SATURDAY, JULY 20, 2019
GROUND No 216
OF all Princes Park's unique and endearing features, the 18ft tall wooden sculpture of a fan on the terraces has to be the most striking.
I mean, have you ever seen anything like it?
Arms outstretched, gaze firmly set on the pitch, Dartford's biggest fan is just one of remarkable features of this eco-friendly stadium that blows completely out of the water the notion that all new builds are boring, soulless structures.
Since 2006 when they moved here (they'd led a nomadic existence for number of years after being forced to leave Watling Street) Dartford have played not only on grass but underneath it.
That's because covering the four sides of the ground are curved coverings, each with a 'living roof' - layers of vegetation that provide an air filtration system.
Glued laminated timber beans support them, and the heavy use of timber around the ground gives it the feel of belonging in a Norwegian forest rather than a stone's throw from the Dartford Tunnel.

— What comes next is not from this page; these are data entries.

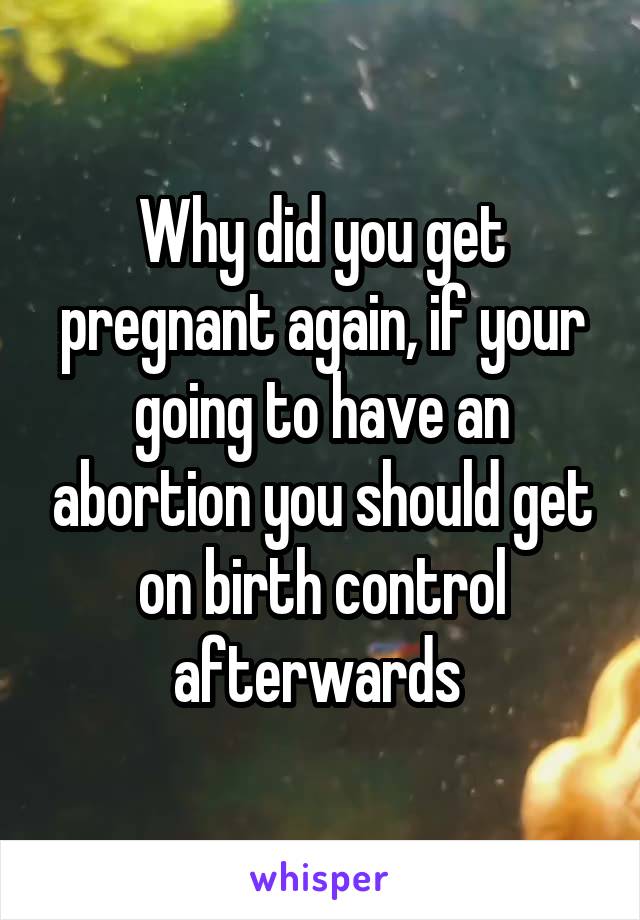 Why did you get pregnant again, if your going to have an abortion you should get on birth control afterwards 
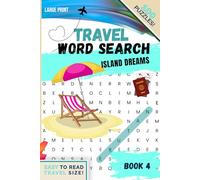 Travel Word Search Island Dreams (Large Print Puzzle Books Serie): 100 Travel Themes, Celebrating Coastal Cultures | Tropical Escapes | Beaches, ... for Adults & Seniors with Journaling Prompts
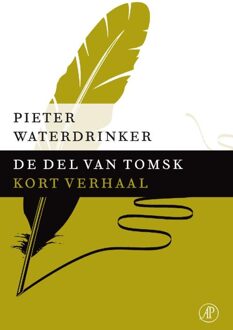 De Arbeiderspers De del van Tomsk - eBook Pieter Waterdrinker (9029591951)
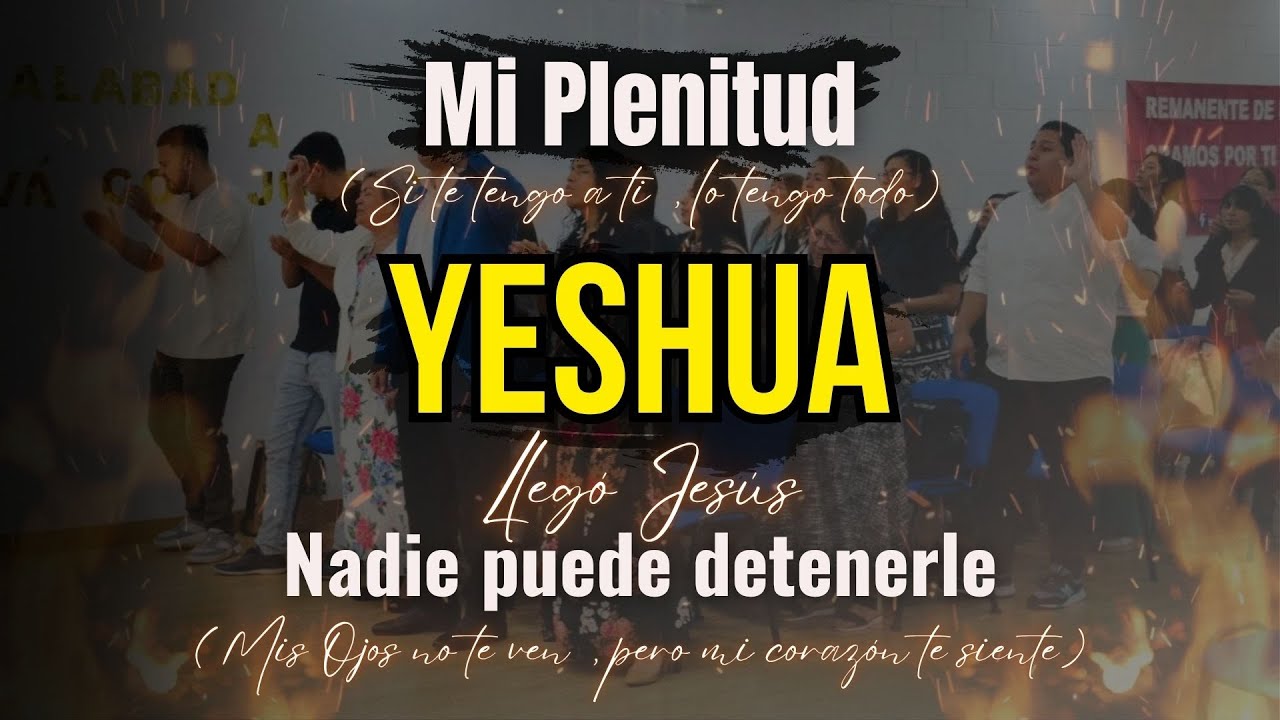 Si te tengo a Ti, lo Tengo Todo, Yeshua, Llegó Jesús, Nadie puede detenerle | Medley De Adoración 🙏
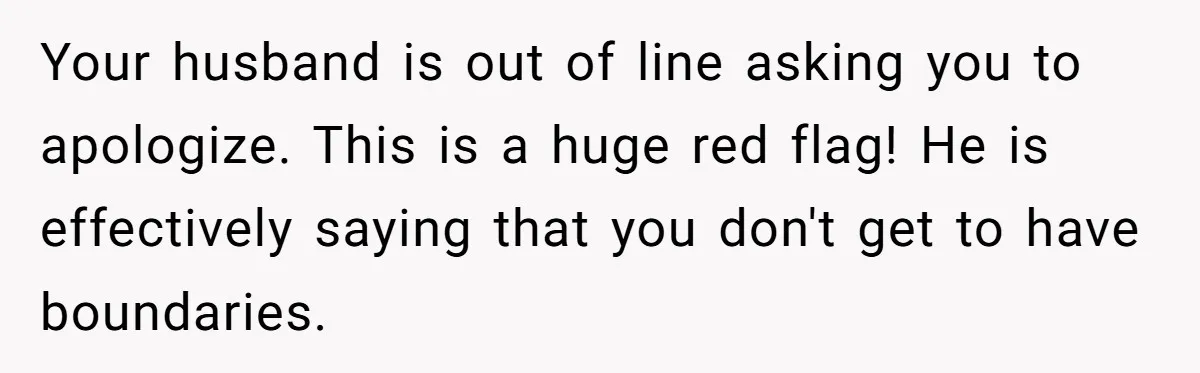 She Tells Her Boyfriend’s Mom She’s Not Allowed In The Bedroom Anymore, But Her Boyfriend Thinks She Overreacted Your husband is out of line asking you to apologize. This is a huge red flag! He is effectively saying that you don't get to have boundaries.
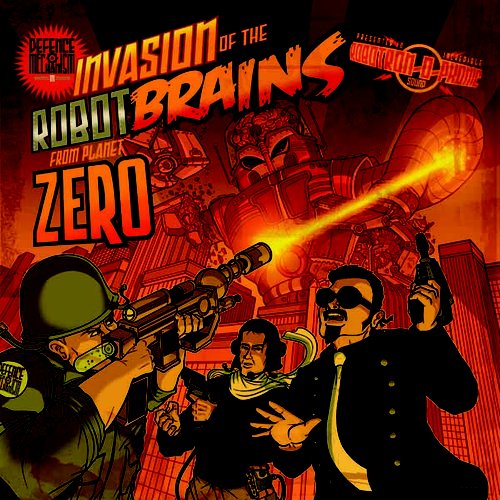 Invasion of the Robot Brains from Planet Zero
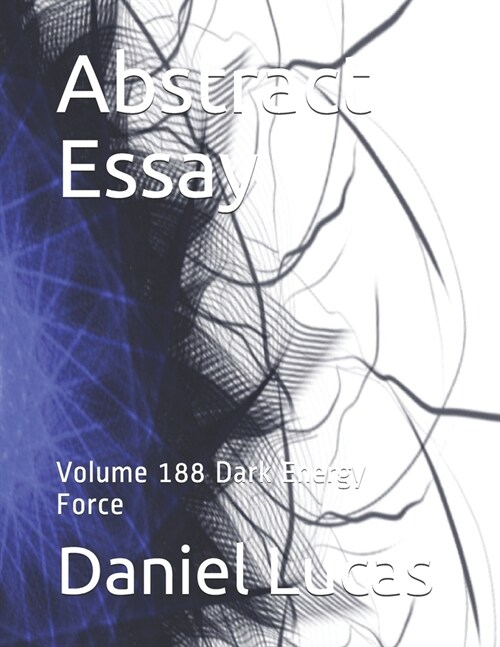 Abstract Essay: Volume 188 Dark Energy Force (Paperback)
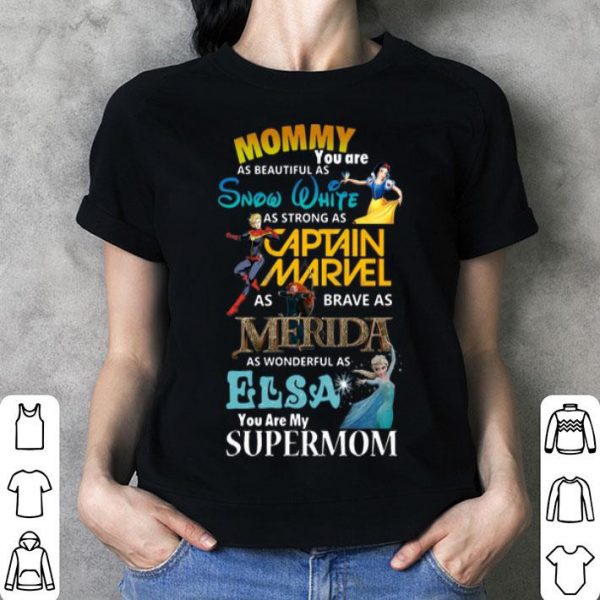 Mommy You Are As Beautiful As Snow White As Strong Captain Marvel Supermom shirt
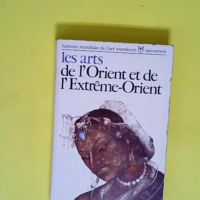 Les arts de l Orient et de l Extrême-Orient ...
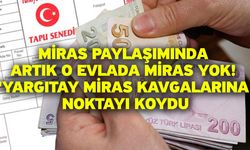 Miras paylaşımında artık o evlada miras yok! 'Yargıtay miras kavgalarına noktayı koydu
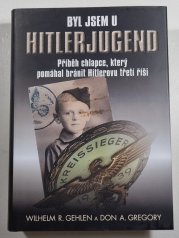 Byl jsem u Hitlerjugend - Příběh chlapce. který pomáhal bránit Hitlerovu třetí říši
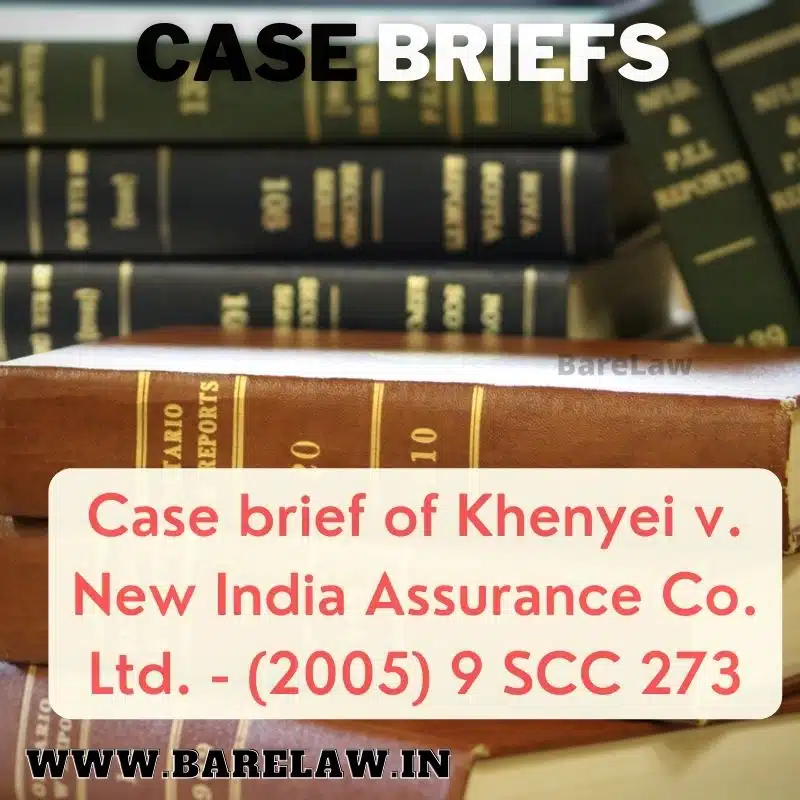 alt="Case brief of Khenyei v. New India Assurance Co. Ltd. - (2005) 9 SCC 273"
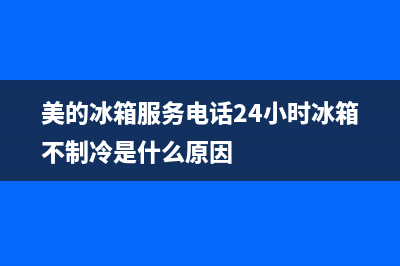 美的冰箱服务电话24小时(400已更新)售后服务受理专线(美的冰箱服务电话24小时冰箱不制冷是什么原因)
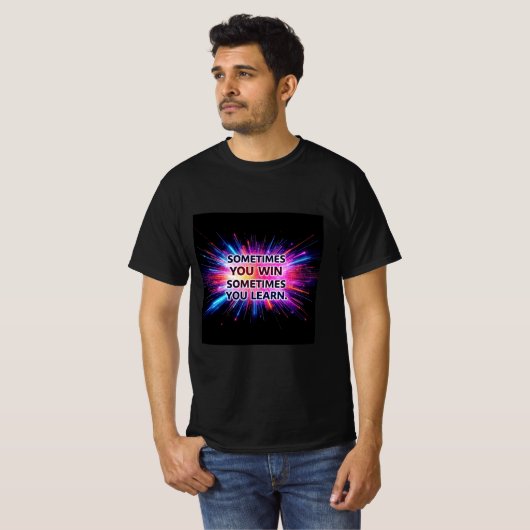 Sometimes You Win Sometimes You Learn Tシャツ -  (正面フル)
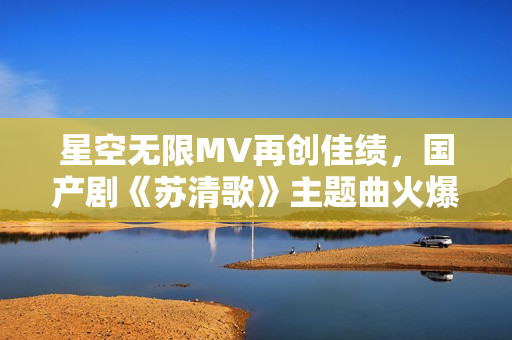 星空无限MV再创佳绩，国产剧《苏清歌》主题曲火爆全网！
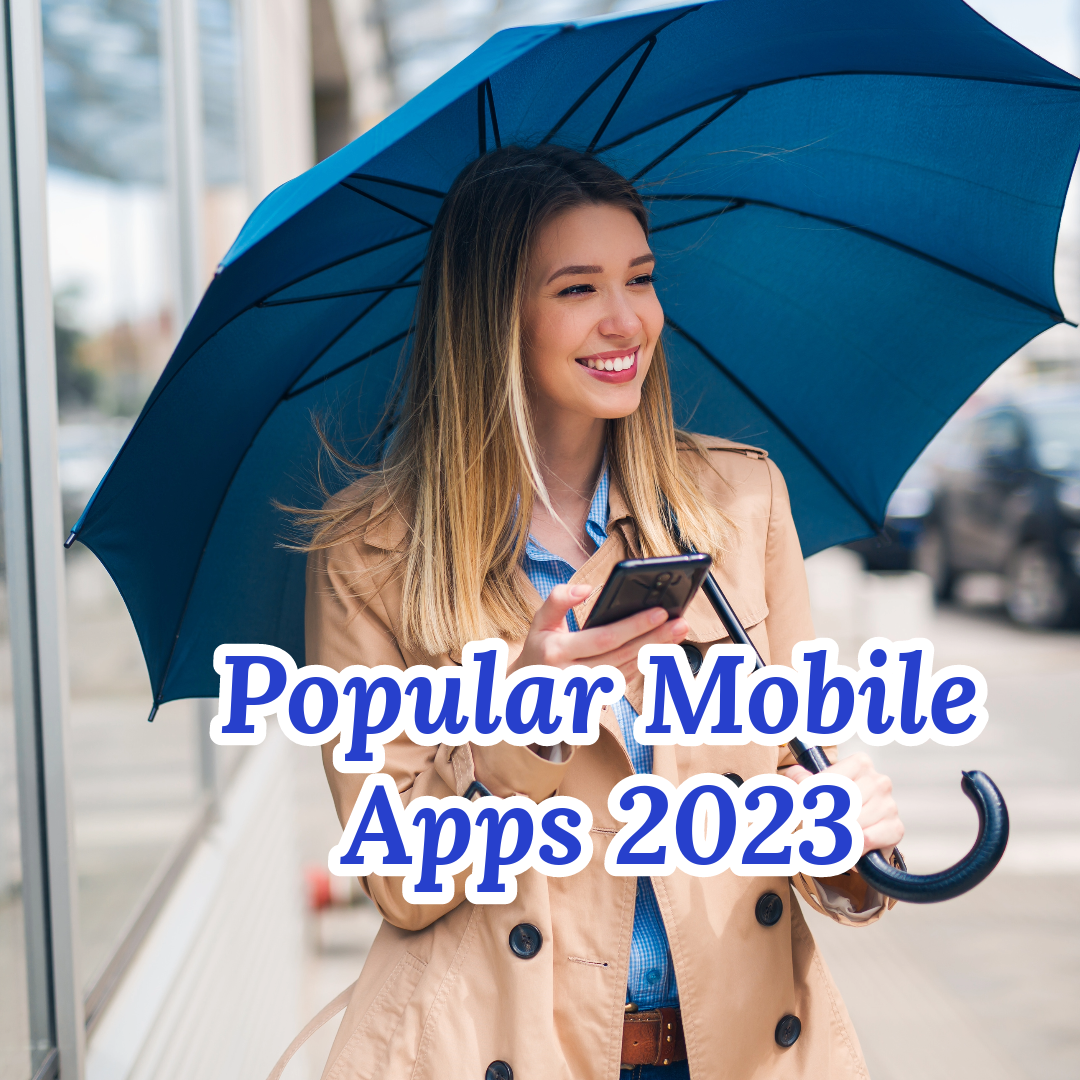  Mobile Apps: 10 Most Popular Apps in 2023 
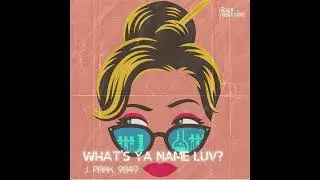 J. Park - What's Ya Name Luv? (ft. 9B49) [Radio Edit]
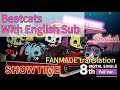SHOW TIME - FANMADE translation (English subbed)【Beatcats】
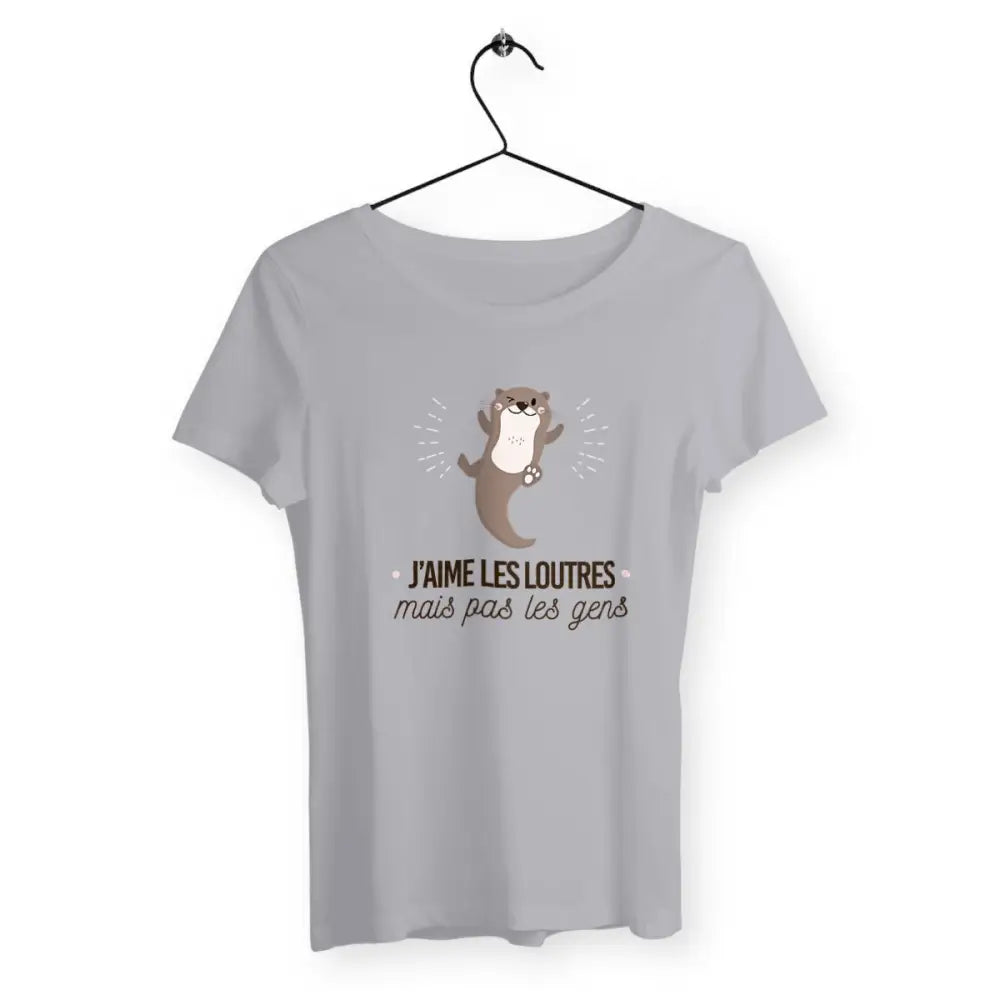 T-shirt femme avec l'inscription "J'aime les loutres mais pas les gens" – Un design amusant et décalé pour les amoureuses des loutres et les personnes qui préfèrent la compagnie des animaux. Parfait pour un look fun et original !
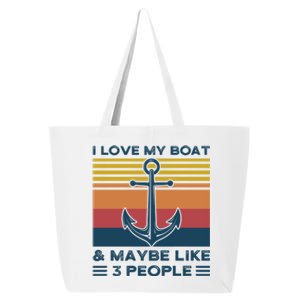 I Love My Boat And Maybe Like 3 People Boats Boating Funny Gift 25L Jumbo Tote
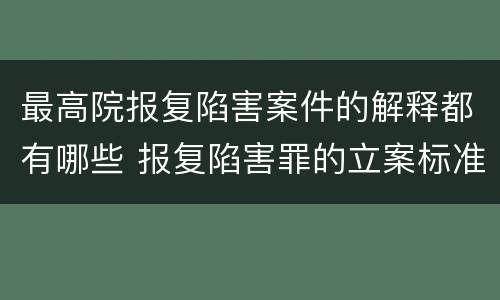 最高院报复陷害案件的解释都有哪些 报复陷害罪的立案标准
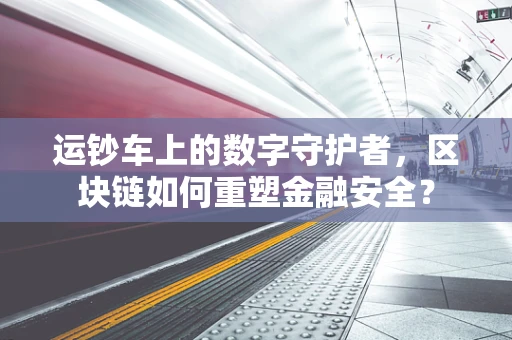 运钞车上的数字守护者，区块链如何重塑金融安全？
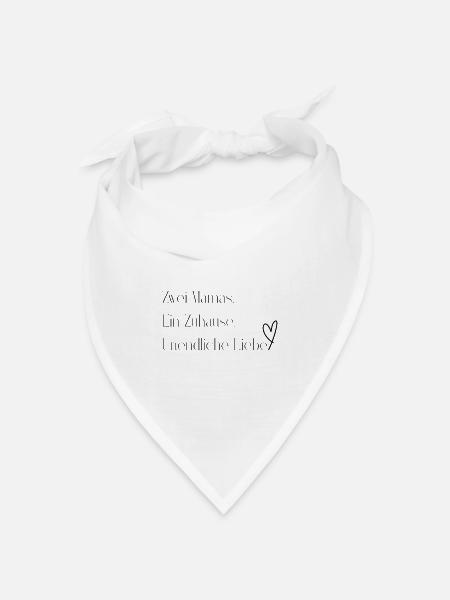 Zwei Mamas. Ein Zuhause. Unendliche Liebe. - Bandana Dreieckstuch - Weiß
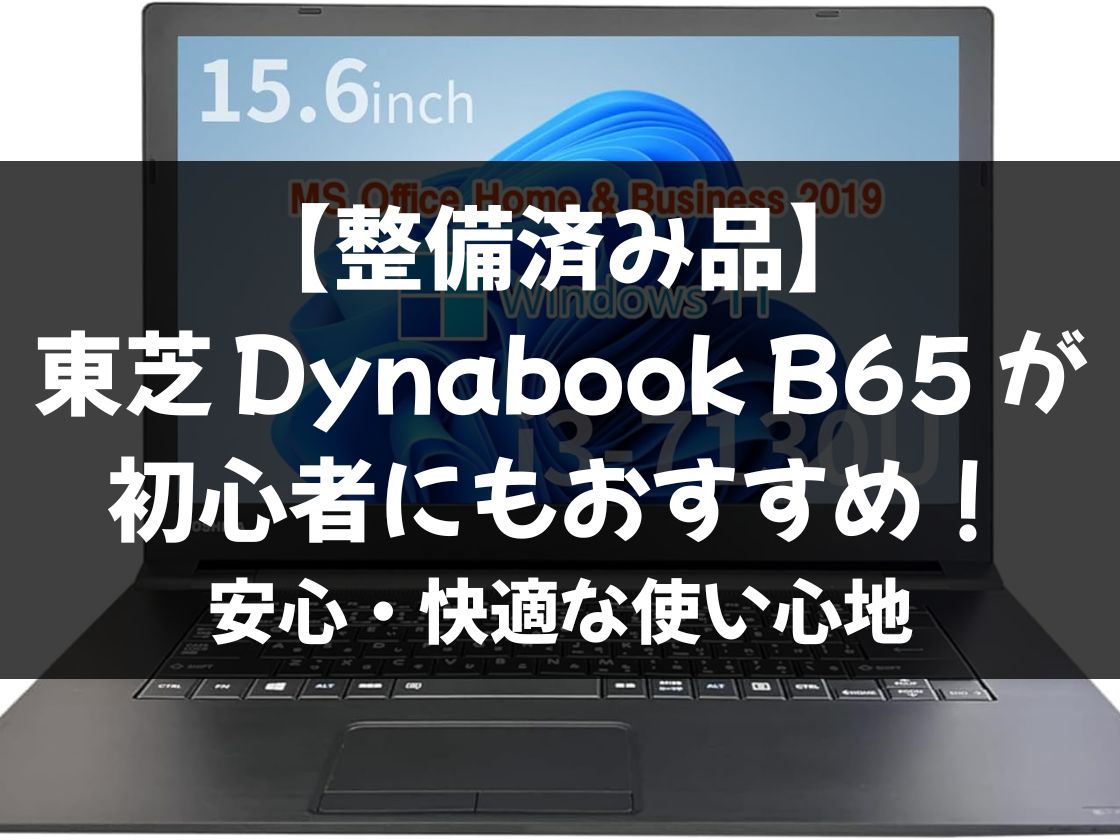 【整備済み品】東芝 Dynabook B65 が初心者にもおすすめ！安心・快適な使い心地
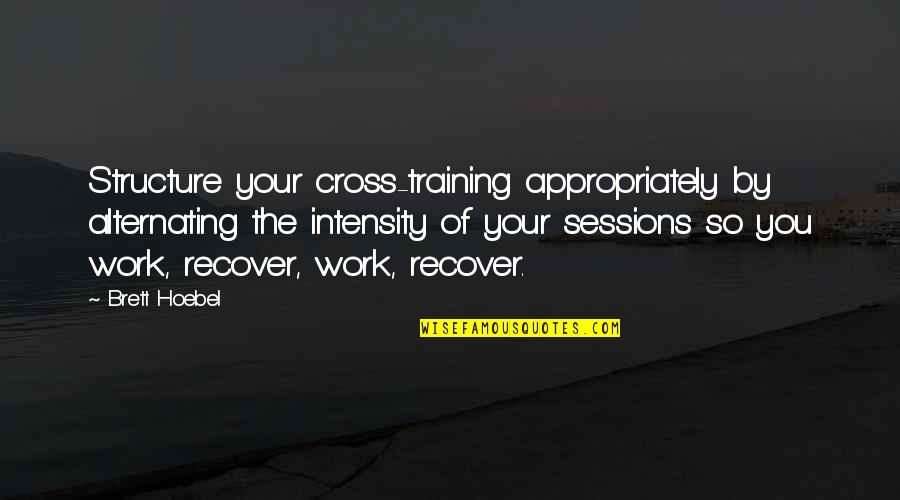 Bbm Off Picture Quotes By Brett Hoebel: Structure your cross-training appropriately by alternating the intensity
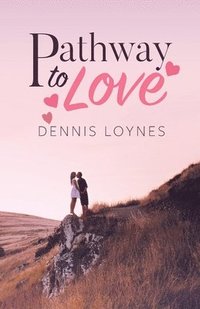 bokomslag Pathway to Love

The pitch is sunk two metres below ground level to reduce noise and light pollution, there are solar panels on the changing room roof and rainwater is collected in two ponds to serve the toilets.
They really have thought of everything. When I went to the loo at half-time, I expected a notice telling me that any deposits would be used as a natural fertiliser on an organic farm behind the car park where hand-reared cattle were raised to provide meat for the burgers in the snack bar.
Concrete steps - covered by those grass-topped roofs - ring the pitch, save for the South Stand side where 642 seats nestle in front of the clubhouse, function suite and changing rooms.
Another nice touch is an area of the back wall where you can buy a brick your name or that of a loved one on, and a tribute to the Dartford team that reached the 1974 FA Trophy final at Wembley.
A banner in amongst the advertising hoardings n front of it reads: "If only all stadiums were like Princes Park."